Task description:
Copy out exactly the stretch of the listing below that begins at the line containing "天満宮(志賀神社)の写真1" and ends at the line containing "الأحمر العالمي للدراجات", and copy nothing outside it.
(Data to process begins)
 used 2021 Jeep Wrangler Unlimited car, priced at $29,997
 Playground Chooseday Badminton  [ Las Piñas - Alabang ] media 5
(Data to process ends)
(Data to process begins)
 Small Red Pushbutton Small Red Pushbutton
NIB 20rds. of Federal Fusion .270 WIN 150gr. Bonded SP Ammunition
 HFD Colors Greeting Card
(Data to process ends)
(Data to process begins)
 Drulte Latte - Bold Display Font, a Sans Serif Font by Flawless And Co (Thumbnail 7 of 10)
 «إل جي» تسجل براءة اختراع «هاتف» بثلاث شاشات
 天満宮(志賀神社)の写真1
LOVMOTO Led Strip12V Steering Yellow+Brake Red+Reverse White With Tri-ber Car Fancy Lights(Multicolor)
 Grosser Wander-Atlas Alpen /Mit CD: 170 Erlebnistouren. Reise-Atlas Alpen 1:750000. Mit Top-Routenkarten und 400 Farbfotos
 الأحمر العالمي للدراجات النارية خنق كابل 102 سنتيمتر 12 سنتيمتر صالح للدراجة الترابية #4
(Data to process ends)
The answer:
 天満宮(志賀神社)の写真1
LOVMOTO Led Strip12V Steering Yellow+Brake Red+Reverse White With Tri-ber Car Fancy Lights(Multicolor)
 Grosser Wander-Atlas Alpen /Mit CD: 170 Erlebnistouren. Reise-Atlas Alpen 1:750000. Mit Top-Routenkarten und 400 Farbfotos
 الأحمر العالمي للدراجات النارية خنق كابل 102 سنتيمتر 12 سنتيمتر صالح للدراجة الترابية #4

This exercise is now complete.